- **Extracted entries**
• • •
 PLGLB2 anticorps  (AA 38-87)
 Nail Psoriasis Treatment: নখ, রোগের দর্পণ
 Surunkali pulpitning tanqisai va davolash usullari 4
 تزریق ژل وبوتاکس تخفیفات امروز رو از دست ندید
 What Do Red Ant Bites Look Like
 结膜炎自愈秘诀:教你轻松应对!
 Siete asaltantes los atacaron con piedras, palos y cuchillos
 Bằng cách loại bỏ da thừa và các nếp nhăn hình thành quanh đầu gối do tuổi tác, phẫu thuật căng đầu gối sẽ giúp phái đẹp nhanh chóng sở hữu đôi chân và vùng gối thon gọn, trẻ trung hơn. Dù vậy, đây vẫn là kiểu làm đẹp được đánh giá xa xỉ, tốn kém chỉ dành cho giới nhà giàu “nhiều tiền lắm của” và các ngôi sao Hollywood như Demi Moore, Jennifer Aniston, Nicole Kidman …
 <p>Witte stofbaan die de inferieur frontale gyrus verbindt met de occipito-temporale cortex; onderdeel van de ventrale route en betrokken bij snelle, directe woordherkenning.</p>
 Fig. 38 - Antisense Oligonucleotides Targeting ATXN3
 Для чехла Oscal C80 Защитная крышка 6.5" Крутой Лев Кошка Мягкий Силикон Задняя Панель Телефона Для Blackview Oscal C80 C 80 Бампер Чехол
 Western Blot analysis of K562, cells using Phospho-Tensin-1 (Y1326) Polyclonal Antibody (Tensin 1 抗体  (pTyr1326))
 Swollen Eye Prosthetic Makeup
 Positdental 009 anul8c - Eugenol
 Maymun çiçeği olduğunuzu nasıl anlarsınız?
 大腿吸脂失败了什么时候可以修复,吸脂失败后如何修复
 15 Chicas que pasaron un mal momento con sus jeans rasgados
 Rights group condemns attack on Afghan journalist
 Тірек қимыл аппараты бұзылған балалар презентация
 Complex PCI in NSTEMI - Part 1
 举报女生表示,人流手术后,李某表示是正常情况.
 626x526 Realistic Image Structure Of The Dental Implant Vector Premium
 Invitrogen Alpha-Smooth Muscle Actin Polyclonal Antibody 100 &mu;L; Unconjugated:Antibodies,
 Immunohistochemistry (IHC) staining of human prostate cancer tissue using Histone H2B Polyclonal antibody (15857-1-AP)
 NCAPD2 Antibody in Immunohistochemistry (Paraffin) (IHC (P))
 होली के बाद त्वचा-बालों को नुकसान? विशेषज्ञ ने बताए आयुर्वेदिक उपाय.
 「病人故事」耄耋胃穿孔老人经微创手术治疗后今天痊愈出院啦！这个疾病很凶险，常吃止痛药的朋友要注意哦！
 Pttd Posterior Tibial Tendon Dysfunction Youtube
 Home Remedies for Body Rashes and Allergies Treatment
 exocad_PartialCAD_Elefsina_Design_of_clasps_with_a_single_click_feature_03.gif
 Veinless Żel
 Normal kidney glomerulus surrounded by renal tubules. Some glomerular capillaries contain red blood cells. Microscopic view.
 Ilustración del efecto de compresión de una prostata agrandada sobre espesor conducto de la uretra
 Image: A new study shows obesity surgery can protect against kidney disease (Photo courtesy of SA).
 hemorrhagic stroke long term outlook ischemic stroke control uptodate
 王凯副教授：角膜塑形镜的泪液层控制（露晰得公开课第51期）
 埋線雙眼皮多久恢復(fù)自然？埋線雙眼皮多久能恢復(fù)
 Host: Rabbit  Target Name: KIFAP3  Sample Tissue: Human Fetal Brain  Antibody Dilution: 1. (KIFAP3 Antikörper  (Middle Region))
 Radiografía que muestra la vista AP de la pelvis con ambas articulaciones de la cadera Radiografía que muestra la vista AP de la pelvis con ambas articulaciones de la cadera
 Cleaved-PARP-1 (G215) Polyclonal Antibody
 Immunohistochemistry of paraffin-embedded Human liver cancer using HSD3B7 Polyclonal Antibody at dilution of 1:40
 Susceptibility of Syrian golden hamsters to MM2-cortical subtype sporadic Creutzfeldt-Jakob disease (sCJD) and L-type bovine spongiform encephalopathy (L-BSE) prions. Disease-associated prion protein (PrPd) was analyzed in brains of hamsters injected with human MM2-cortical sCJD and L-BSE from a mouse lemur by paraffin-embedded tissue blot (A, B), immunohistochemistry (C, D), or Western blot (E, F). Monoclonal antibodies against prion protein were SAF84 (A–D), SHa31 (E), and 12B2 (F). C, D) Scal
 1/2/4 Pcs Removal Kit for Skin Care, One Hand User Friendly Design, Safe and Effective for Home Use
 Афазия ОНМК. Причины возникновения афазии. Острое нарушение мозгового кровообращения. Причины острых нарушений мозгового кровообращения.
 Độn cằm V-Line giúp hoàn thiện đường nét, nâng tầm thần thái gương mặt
• • •
- **Task prompt**
Proceeding from the line containing "埋線雙眼皮多久恢復(fù)自然？埋線雙眼皮多久能恢復(fù)" through the line containing "Immunohistochemistry of paraffin-embedded", transcribe the lines above exactly, both end lines included.

- **Answer section**
 埋線雙眼皮多久恢復(fù)自然？埋線雙眼皮多久能恢復(fù)
 Host: Rabbit  Target Name: KIFAP3  Sample Tissue: Human Fetal Brain  Antibody Dilution: 1. (KIFAP3 Antikörper  (Middle Region))
 Radiografía que muestra la vista AP de la pelvis con ambas articulaciones de la cadera Radiografía que muestra la vista AP de la pelvis con ambas articulaciones de la cadera
 Cleaved-PARP-1 (G215) Polyclonal Antibody
 Immunohistochemistry of paraffin-embedded Human liver cancer using HSD3B7 Polyclonal Antibody at dilution of 1:40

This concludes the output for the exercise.